Arqlgo. Sergio Gómez Chávez
Zona arqueológica de Teotihuacan, INAH.

  • ITT1
    La producción de una parte importante de los incensarios "tipo teatro" se realizaba en La Ciudadela (rojo), y seguramente estaba controlada por el grupo que residía en este complejo arquitectónico. En la ciudad se han localizado en contextos diversos, por lo que no parece que el uso de los incensarios fuera exclusivo de un grupo o clase social. Como referencia, se marcan la Pirámide de la Luna (azul), y la Pirámide del Sol (anaranjado). 
    Reprografía tomada de: Millon, Rene. 1973 The Teotihuacán Map. University of Texas Press, Austin and London. 
  • ITT2
    Siempre fueron producidos con una pasta arenosa, poco compacta, sin engobe y con un acabado alisado burdo. Por lo general la base y el recipiente empleado para colocar las brazas o el incienso están decorados únicamente con líneas o bandas de pintura blanca hecha de cal. 
    Fotografía: Archivo Digital MNA.
  • ITT3
    Los elementos ornamentales que generalmente se colocan en la tapa del incensario suelen estar decorados con otros pigmentos aplicados directamente sobre el barro. Éstos pueden incluir cinabrio y hematita para los rojos, óxidos de hierro y ocre para el amarillo, y malaquita para el verde. 
    Fotografía: Archivo Digital MNA.
  • ITT4
    Incensario con diseños romboides, triangulares y cónicos. El cuerpo remata en un plato hondo cubierto por una tapa cónica con cuatro cruces circulares caladas. 

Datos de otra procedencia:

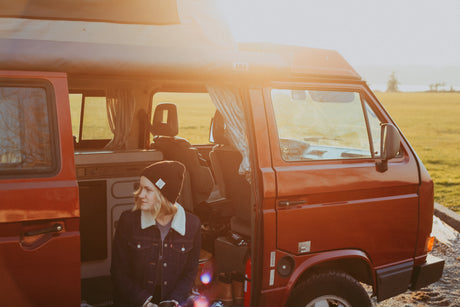 Golden hour serenity: a woman relaxes in her classic Westfalia RV rental camper van.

    Fotografía: Archivo Digital MNA. 
  • ITT5
    Todas las aplicaciones fueron manufacturadas utilizando moldes, sin embargo, no existe un incensario igual a otro en cuanto a su composición. 

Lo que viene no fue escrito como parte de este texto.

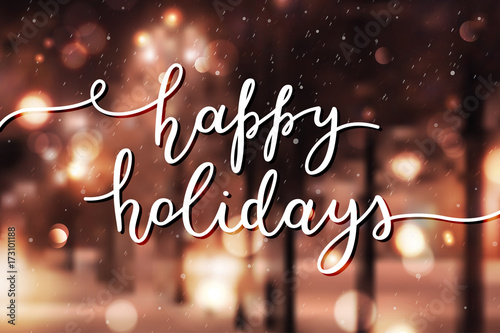 happy holidays lettering, vector handwritten text on blurred background of winter street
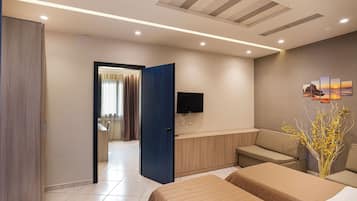 Family Room | 1 bedroom, minibar, in-room safe, desk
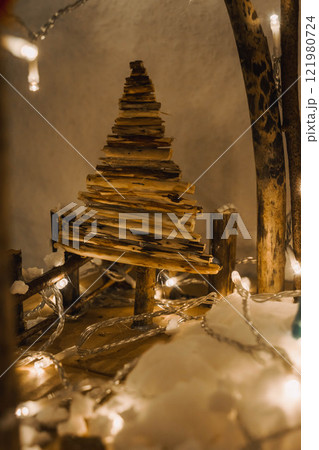 Handmade Wooden Christmas Nativity Scene with Lights and Pine Tree Festive Holiday Decor and Warm Wishes. High quality photo 121980724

    Fotografía: Archivo Digital MNA. 
  • ITT6
    En la parte superior de este brasero se encuentran: a) dos aves con atados de plumas y, b) unos motivos de mariposa. Al centro se ubica: c) una máscara antropomorfa con orejeras discoidales y una nariguera de mariposa (yacapapálotl). Las cuatro placas de la parte inferior tienen diseños geométricos (d). Además tiene un soporte cónico (e). Posteriormente a su proceso de cocción se le aplicó pintura en color blanco y amarillo. 
    Fotografía: Archivo Digital MNA. 
  • ITT7
    En varios sitios de Guatemala y El Salvador en Centroamérica, se han descubierto incensarios muy similares a los teotihuacanos. El estilo que aquí se muestra procede de Tiquisate o La Gomera, Escuintla, (Costa del Pacífico del Guatemala), así como de otros enclaves al sur de la cuenca del lago de Atitlán. 
    Fotografía: Fundación La Ruta Maya, Guatemala.
  • ITT8
    Incensario procedente Tiquisate, Escuintla, en Guatemala. La tapadera tiene los siguientes elementos: a) tocado con plumas y rasgos de mariposa; b) cabello inciso con una placa en la frente del rostro, tal vez una máscara; c) orejeras redondas de gran tamaño y nariguera tubular con unas cuentas; d) adornos con plumas y flecos en las manos; e) y una serpiente bicéfala. El contenedor de la parte inferior es la cámara de combustión (f). Algunos poseen elementos simbólicos que parecen imitar a los del centro de México, e incluso pudieron haber usado moldes obtenidos de elementos teotihuacanos. 
    Fotografía: Fundación La Ruta Maya, Guatemala.